> **RECORDS PROVIDED**

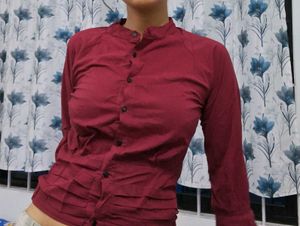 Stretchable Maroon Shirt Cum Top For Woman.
--
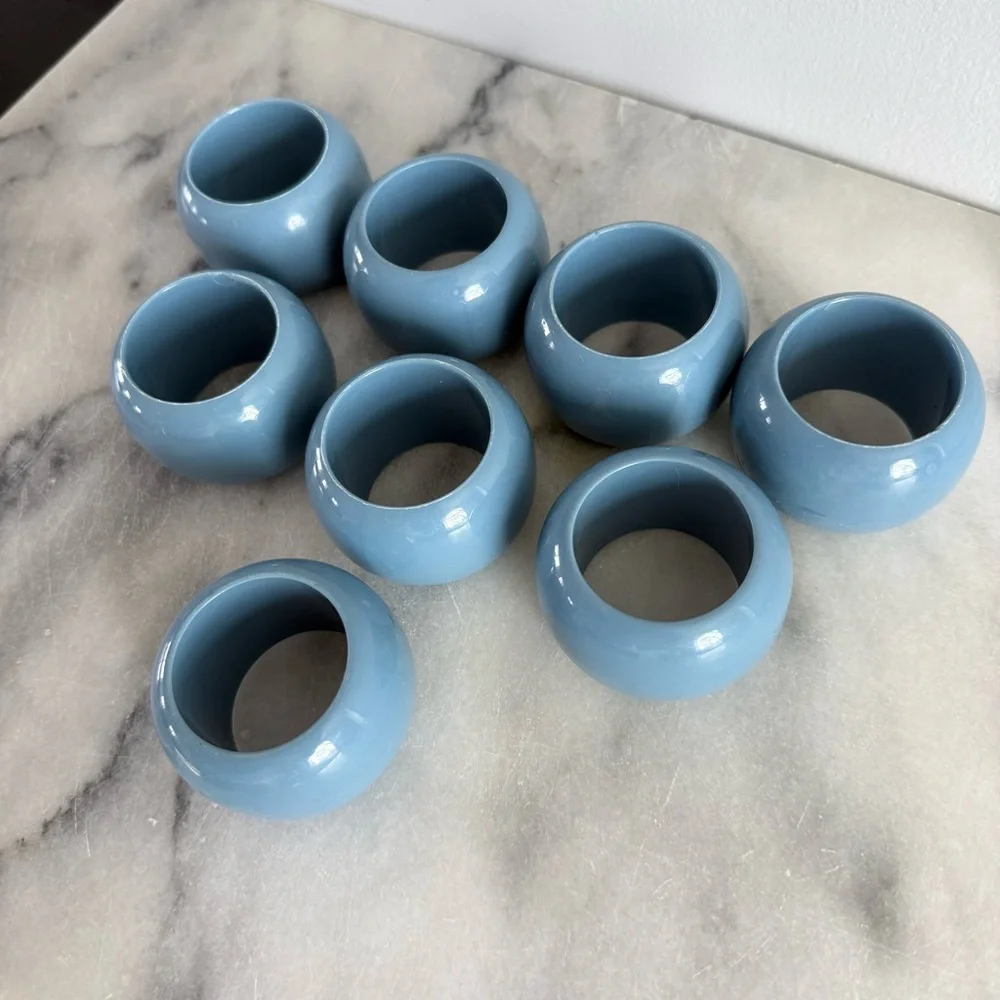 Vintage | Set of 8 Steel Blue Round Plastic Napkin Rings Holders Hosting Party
==
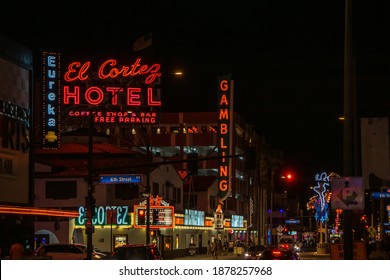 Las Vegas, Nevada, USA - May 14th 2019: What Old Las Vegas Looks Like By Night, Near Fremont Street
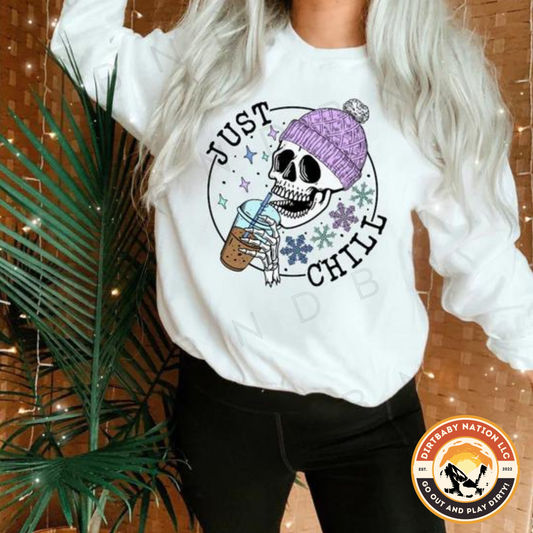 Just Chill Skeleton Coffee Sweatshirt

> **INSTRUCTIONS FOR THE TASK**
Write out word for word the lines above that run from the one with "Las Vegas, Nevada, USA" to the one with "Just Chill Skeleton Coffee Sweatshirt". Include both end lines; exclude the images.

> **SOLUTION**
 Las Vegas, Nevada, USA - May 14th 2019: What Old Las Vegas Looks Like By Night, Near Fremont Street
 Just Chill Skeleton Coffee Sweatshirt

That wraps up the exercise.